Never more to being the worst airport in the world! This appears to be the new rallying call of our government in the light of the marked improvement in the ranking of the Ninoy Aquino International Airport (Naia) on the list of the latest 2016 survey conducted by the travel web site “The Guide to Sleeping in Airports.” From occupying the fourth place in the same survey in 2014, the Naia failed to capture a spot in the top 10. Jeddah, Saudi Arabia landed first; then Juba, Sudan; Port Harcourt, Nigeria; Tashkent, Uzbekistan; and Santorini, Greece, got the second to fifth slots.
The survey used five standards for evaluation: Services and facilities, food options, immigration-security, customer service and cleanliness. The top 10 received negative commentaries, such as dirty toilets, overcrowding, long lines, poor ventilation and air conditioning, lack of chairs, rude and impolite airport and government personnel and most troubling are extortion activities performed by the latter.
Efforts to improve
The positive results came in the midst of efforts put in by the past and current administration in beginning the P1.3-billion rehabilitation and makeover of Naia Terminal 1, which began way back in 2014. The Naia Terminal 1 has been given this budget to institute retrofitting and other engineering/structural works. On the other hand, the rehabilitation of Naia Terminal 3 has already been accomplished using about $42 million in funds, which facilitated the transfer of most of the foreign airline companies there. As such, overcrowding and queueing in Terminal 1 have been relatively addressed.
New Transportation head Arthur P. Tugade’s first quick hits were cleaner toilets by tapping the local airlines to maintain the facilities, faster Wi-fi, and ensuring that all government bodies involved in managing and supervising the different activities of the airports are talking and coordinating their initiatives. Meanwhile, airport manager Eddie Monreal took care of taxi services for pickup of passengers and changing the rules of the game in addressing the much-talked-about tanim bala incidents. Instead of wasting administrative and enforcement time on prosecuting and penalizing offenders, the bullets are now seized and passengers are permitted to leave the airport, subject to careful documentation and recording. On the other hand, strict implementation of flight schedules and prevention of flights “outside of their supposed time slots” have resulted to reduction in the number of delayed flights. General sentiments about airport administration have improved considerably.
Correct premium due
Why all this preoccupation with airports? One could posit that our airport problems should be tackled just as a subset of the general issues we have in the transport sector. The answer lies in the fact that the air-transport business, together with airport operations, provides massive economic and social benefits that cannot be taken for granted or disregarded.

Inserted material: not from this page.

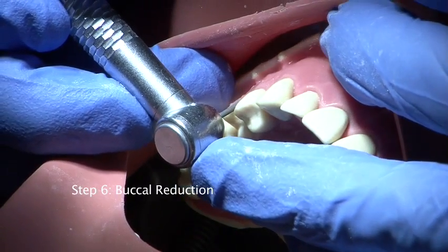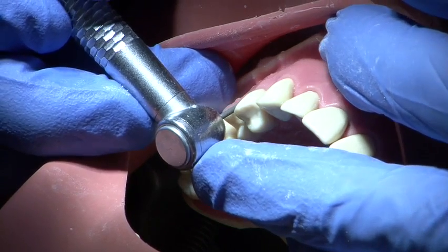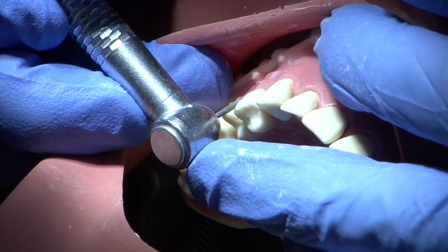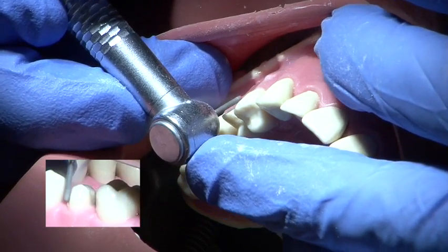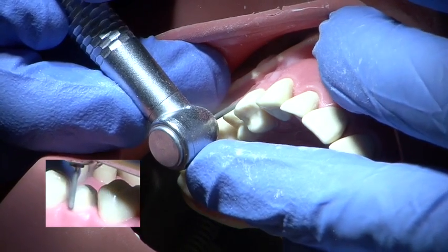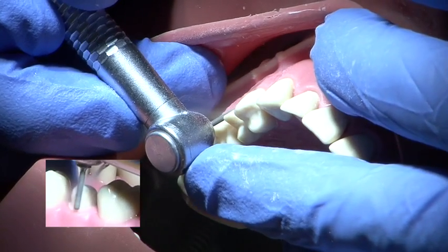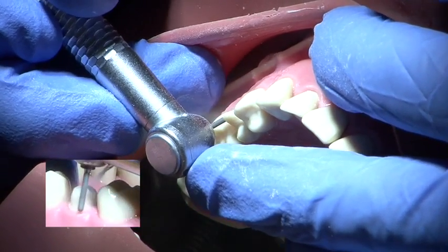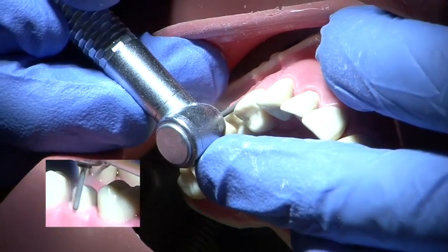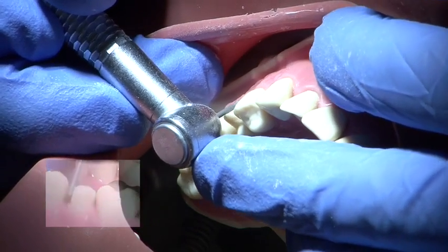Buccal surface reduction is carried out to a depth of 1.5mm to allow room for both metal and ceramic. A deep chamfer or shoulder preparation is achieved using a parallel sided round ended medium grit burr. It is important that the outline of the gingival contour is followed so that the margin is not readily apparent. A smooth continuous action will ensure a smooth margin.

Firstly, passengers’—particularly tourists and investors—first point of interphase with the country is its airports. It is the gateway to opportunity for all of us. It is a matter of reputation, image and a demonstration of our capability to promote ease of business in the Philippines. Imagine a visitor at your doorstep who expects to be given a warm welcome but would end up hesitant to enter because of an unsafe doorstep, a door about to fall apart and a rude, frowning helper who does not seem to want him to enter. There is also a likelihood that this very same visitor will recount his terrible experience to other potential visitors who may now decide not to push through with the visit. This situation is clearly analogous to our tourist or investor who will experience real trauma if our airports are not well maintained and efficiently run. An airport is a reflection of how a country is run by the government and its bureaucracy. Consequently, many opportunities for economic and social development may be missed.
Moving forward and up
There is no doubt that good airport management and efficient air-transport operations contribute to economic progress. Through our airports, millions of passengers are transferred annually, goods and freight are moved, more tourist arrivals stirring more commercial activities, hundreds of jobs created directly or indirectly, be it at the level of new businesses or those driven by the aviation industry, such as air-traffic regulation and control, maintenance and fuelling of aircraft, airline operations, information-technology infrastructure and passenger services, such as baggage handling, retail and food facilities.
In the area of social benefits, living standards are uplifted, work-life balance, cultural and educational awareness of people are enhanced because of travel and socio-historical exposure. Furthermore, positive relationships are fostered because families and friends have the opportunity to link up due to quick air travel, social integration facilitated, global bonds solidified and jurisdictional barriers or obstacles removed.
The baby steps taken by the Department of Transportation, together with the Manila International Airport Authority, should be sustained by long-term planning, opening up new airports away from the heart of Manila and building the supporting transportation systems, like railways to connect main city airport locations to new regional destinations. Public and private partnerships in this sphere should be taken very seriously so expertise, funding, technical knowledge and best practices are shared to the utmost benefit of the ordinary Filipino.
We can fly our way to prosperity. From possibility to reality.